In this solution accelerator, we demonstrate how we can leverage the lakehouse approach, for an in-depth analysis of patient outcomes, using EHR data. Consider a scenario that we have a collection of FHIR bundles and want to explore the effect of different factors on Covid outcomes. However, FHIR standard is primarily designed for the exchange of information and not optimized for analytics. To solve this problem, we need to flatten the the bundles (stored as nested json files) and extract resources such as patients, encounters, conditions etc. so that we can create a dataset which is ready for exploratory data analysis.
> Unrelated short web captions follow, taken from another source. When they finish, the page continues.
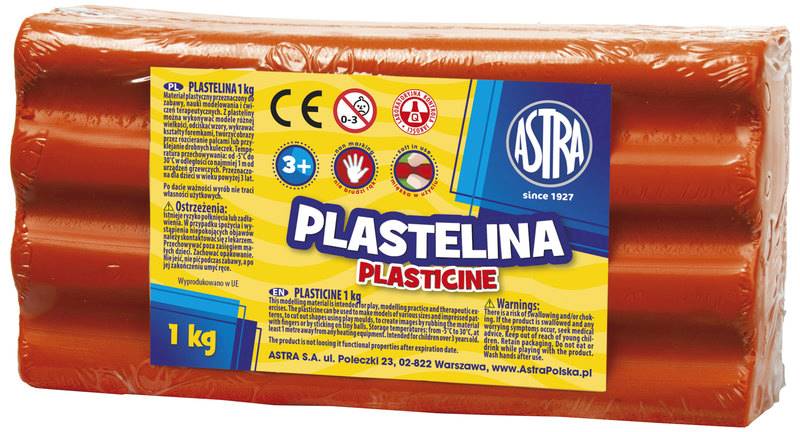 Plastelina ASTRA 1kg. czerwona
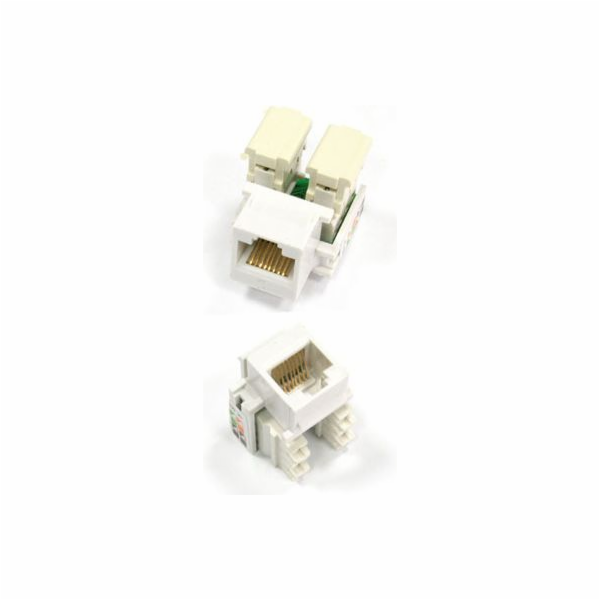 NetRack modul 1xRJ45 Keystone Jack kat. 5e UTP KJ07 (NP1101)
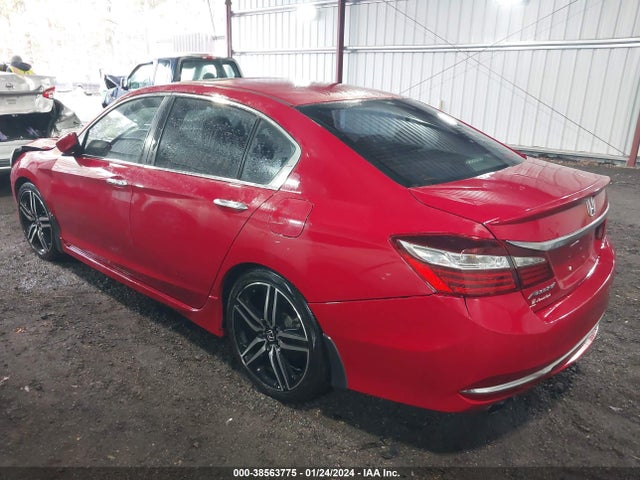 2016 Honda Accord Sport მანქანა იყიდება აუქციონზე, vin: 1HGCR2F59GA145674, აუქციონის ნომერი: 38563775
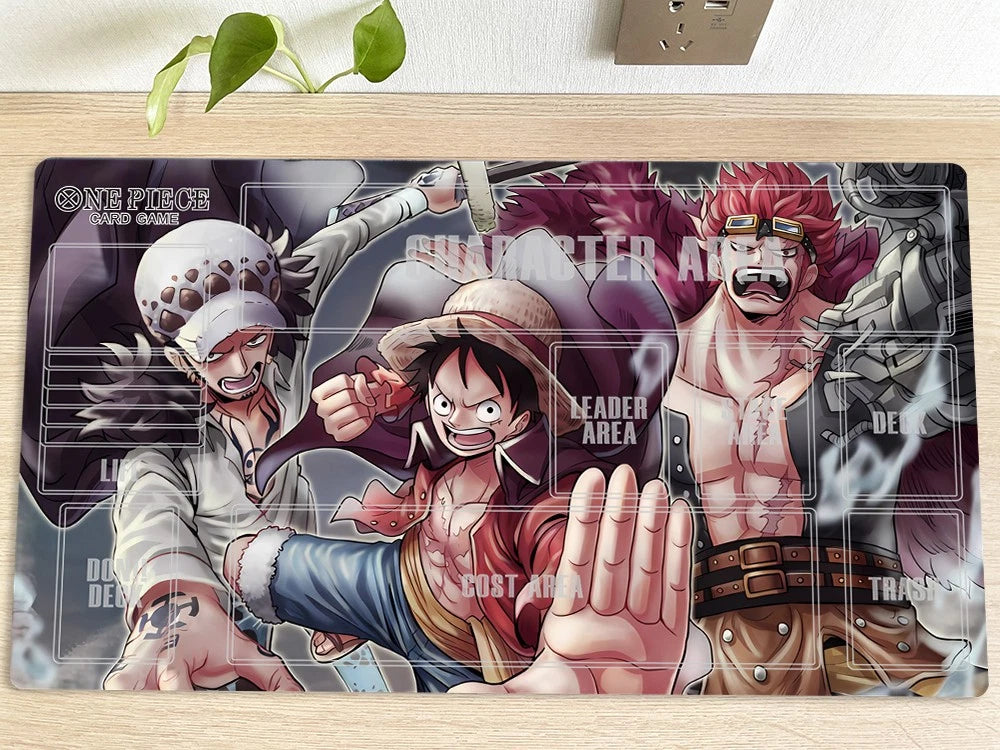 OPCG TCG CCG Mat Luffy Duel Playmat Trading Card Game DeskMat Mouse Pad One Piece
We can decompose this process in 3 main steps:

  • Data ingestion (on the left)

    • Simplify ingestion, from all kind of sources. As example, we'll use Databricks Labs dbignite library to ingest FHIR bundle as tables ready to be queried in SQL in one line.
    • Query and explore the data ingested
    • Optionaly we can secure data access
  • Eploratory Analysis/Data Curation (flow on the top)

    • Create cohorts
    • Create a patient level data strucure (a patient dashboard) from the bundles
    • Investigate rate of hospital admissions among covid patients and explore correlations among different factors such as SDOH, disease history and hospital admission
  • Data Science / Advance Analystics (bottom)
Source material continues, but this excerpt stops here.